Uh-uh. No, the young receptionist quickly told me three different reasons why she didn’t want my business. One: “We don’t do anything with phones.” (You’re not listening. It’s not my phone, it’s a power outlet.) Two: “We don’t work in your area today.” (Your office is half a mile from my house.) And, Three, after I succinctly asked, “So, you’re telling me that there is no possible way to get someone out to my house today?”: “Well, you wouldn’t want to pay the emergency rate.” (Her tone said, “Only idiots would pay that.”)
Yes, as a matter of fact I am exactly the kind of idiot who will consider the emergency rate. Which was $97. About $30 more than a regular visit.
Worth it to me.
Maybe not worth it to her.
It’s that idea — “I wouldn’t, so why would you?” — that keeps us from opportunities. It reflects a lack of confidence, maybe. Or a lack of appreciation. Or it’s a self-esteem thing. Or a self-centeredness thing. Regardless, there’s a fear there, and it’s probably the fear of being told no.

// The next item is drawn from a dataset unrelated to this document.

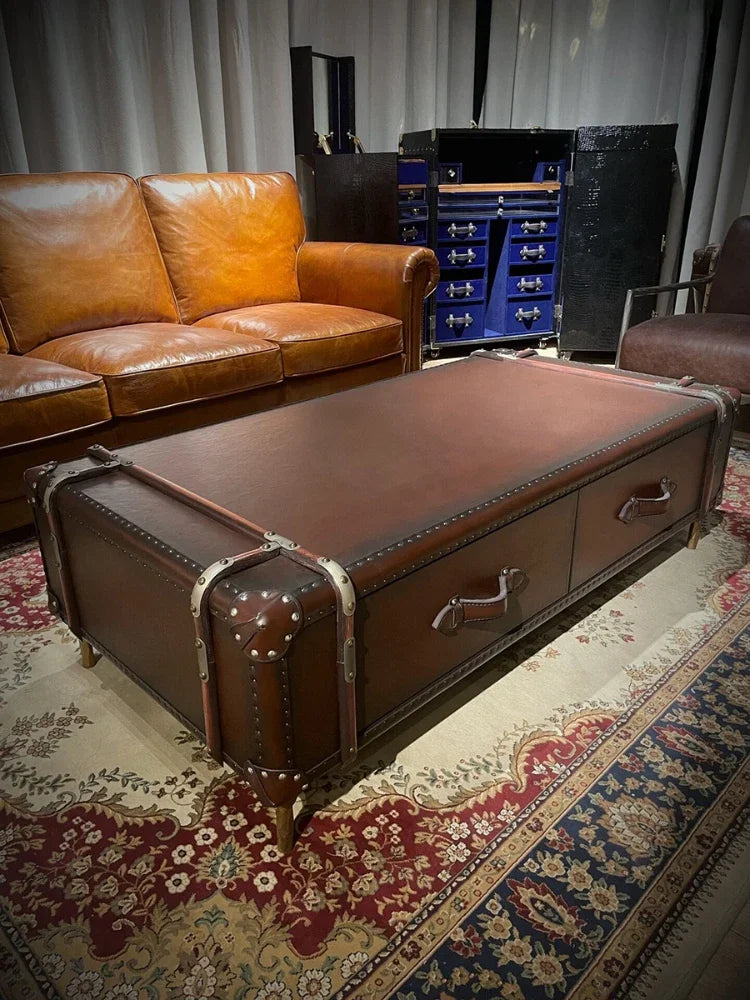 Vintage Leather Suitcase Coffee Table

If I say, “You wouldn’t want to…” and you end up taking my suggestion — why, you’re actually agreeing with me. Ha, ha! I win!
But I really lose. I lose a customer, I lose a job, I lose confidence.

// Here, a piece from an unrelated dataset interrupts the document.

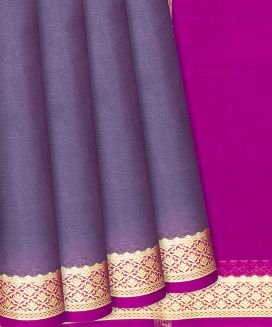 Purple Mysore Plain Crepe Silk Saree With Floral Motifs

I seem to be doing a lot of work these days prepping people for job interviews and performance appraisals. Imagine going into one of these settings and saying, “You wouldn’t want to hire me, would you?” Or, “You don’t want to promote me, do you?” But if you have the idea “I wouldn’t hire/promote me” in your mind, you utterly telegraph that losing message. And you don’t get hired, or promoted. You just stay stuck.
Yet this is how many people approach life. Negative rather than positive. Subtraction rather than contribution.

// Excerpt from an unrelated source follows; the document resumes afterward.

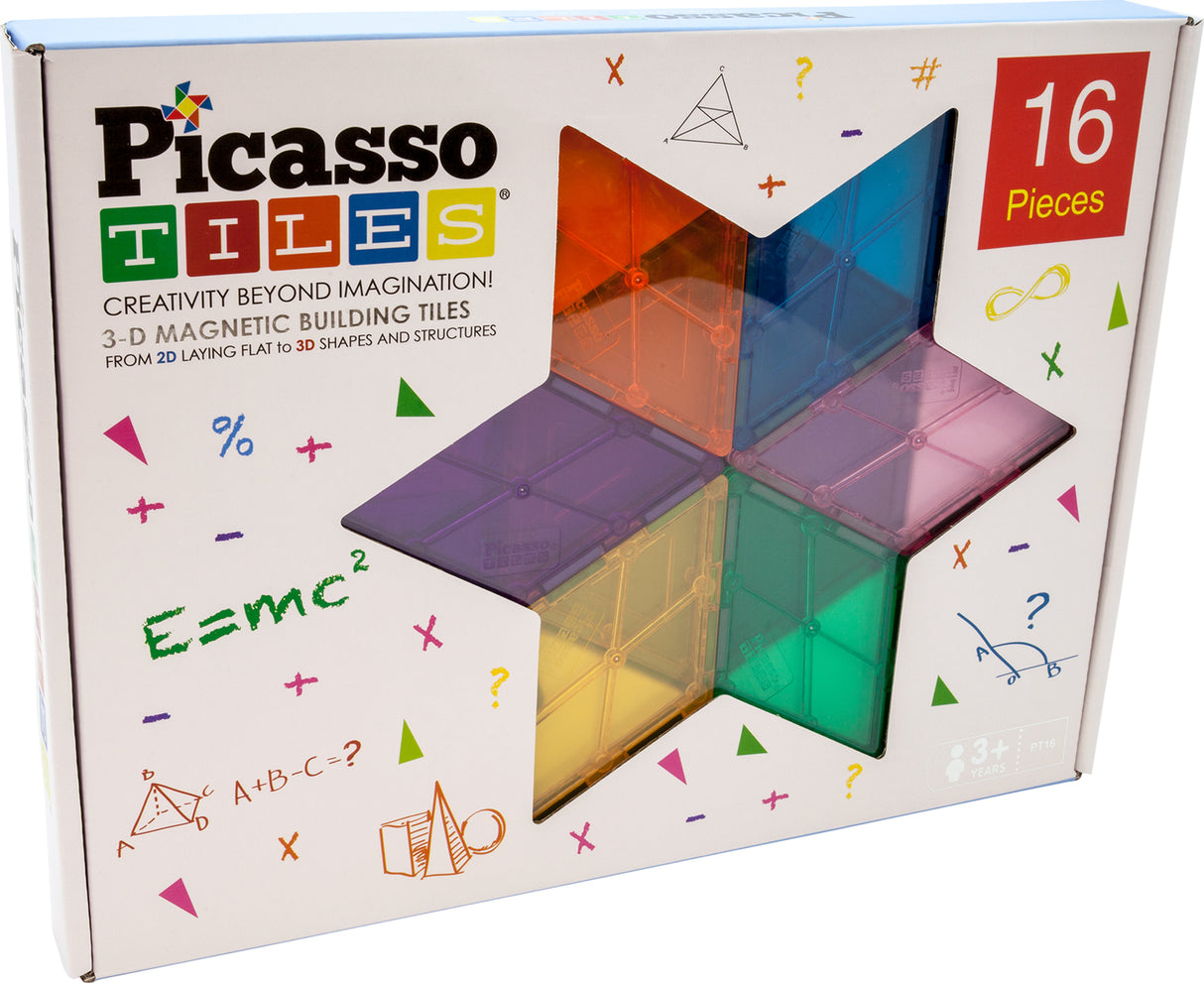 PicassoTiles 16 Piece Geometry Magnetic Building Block Set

Let me tell you, living life on the contribution side — focusing solely on how you can help in the given situation — fundamentally shifts everything.
Can you imagine what it would have been like if that young receptionist had listened carefully and said, “Sounds like you need an electrician. Our regular appointments are all booked up today, but we have an emergency system that might just be perfect for you. It’s just $30 more for the first half hour, and I could send someone over after 4pm. How’s that sound?”
See how she might have made it easy for me? See how she could have told me how she could fix my problem, rather than focus on how she couldn’t?
It’s all a matter of attitude. And language that clearly states how you can help. How are you doing on that? If you find yourself living in the negative, come on over to the contribution side. It’s nice here.
Because when you live on the contribution side, you make it easy for people to work with you, and to like you. And to pay you. When you live on the contribution side, you are focusing on what can happen, rather than what can’t.
When you live on the contribution side, life becomes about opening rather than closing. And know what’s opening? It’s you. You’re opening to good things happening in your life. And you can start today by simply asking yourself how can you contribute. And then, go ahead and do it.